XtremWeb-HEP 7

Documentation

The documentation is available here.

Bug tracking

You can glance at our trac server.

Versions

  • Dec 12th, 2011 : XWHEP 7.6.4
    • Corrections

      1. a bug corrected on work update (e.g. on completion)
      2. a bug corrected on submission
    • New features
      • none
  • Oct 22nd, 2011 : XWHEP 7.6.3
    • Corrections

      1. usage of Zipper.java modified so that we now use file name only for entries having a path starting with a ‘/’ or containing “../” (e.g. “/var/log/dummy.log” or “/home../var/log/dummy.log” are compressed as “dummy.log”);
      2. a bug corrected in Zipper.java so that compressed entries don’t start with ‘/’ any more
      3. to avoid misbehavior, a worker not presenting the same version as the server receives no job
    • New features
      • none
  • Oct 4th, 2011 : XWHEP 7.6.2
    • Corrections

      1. scripts are now compatible with dash
      2. data removal improved
      3. the bridge installation package corrected
    • New features
      • URI passthrough implemented to comply to EDGI JRA1
  • July 18th, 2011 : XWHEP 7.5.0
    • Corrections

      1. windows XP and 7 supported (Vista not tested)
      2. on server side : access logs are now stored in HomeDir as found in config file and not in /tmp; a bug corrected in group management; DB access improved
      3. remove leading and trailing spaces from job command line
      4. the communication protocol has been improved so that the server always sends an answer, especially on error.
        The client now displays errors received from the server, if any.
        The client also sets its return code accordingly.

      5. the worker-server communication protocol has been corrected so that the worker keeps a chance to upload results, even on server FS error.
        This feature exists for long (since INRIA XtremWeb 1.6) but was buggy.

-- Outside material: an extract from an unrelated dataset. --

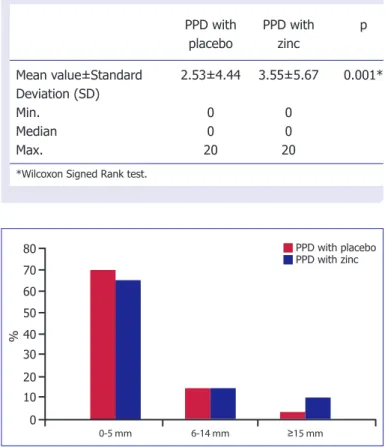 Table 1.   Distribution of mean  purified protein derivative- PPD  indurations size with zinc and placebo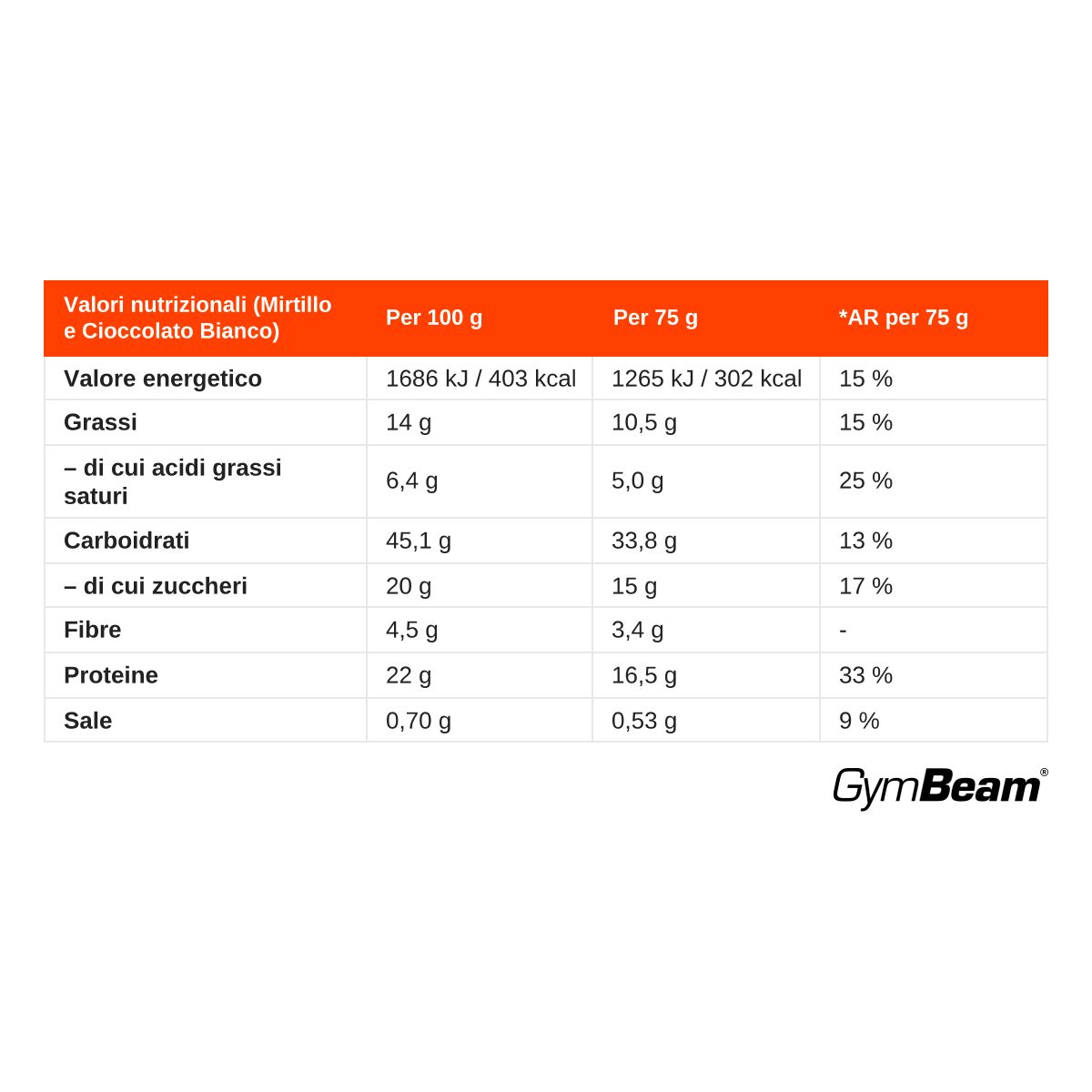 Valori nutrizionali per MoiMüv Protein Cookie GymBeam Doppio Cioccolato, per 100g e 75g.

      6. client GUI improved
      7. a security hole corrected on object removal
      8. on Mac OS X, the server is now correctly installed and works well.
        We don’t use Mac OS X specific stuffs, like StartupItems or LaucnhDaemons, since we have some problems with them.
        Instead, we use linux like scripts : xtremweb.server [start | stop | restart | status].
        There are two drawbacks : the server does not automatically starts at boot time and the server runs as root under Mac OS X.

      9. Attic removed until further notification : Attic may crash the worker under certain circumstances
    • New features
      • client can connect using its certificate and associated private key.
        The client-server connection is challenged using this key pair.
        The client certificate must be certified by a CA cert path known by the server.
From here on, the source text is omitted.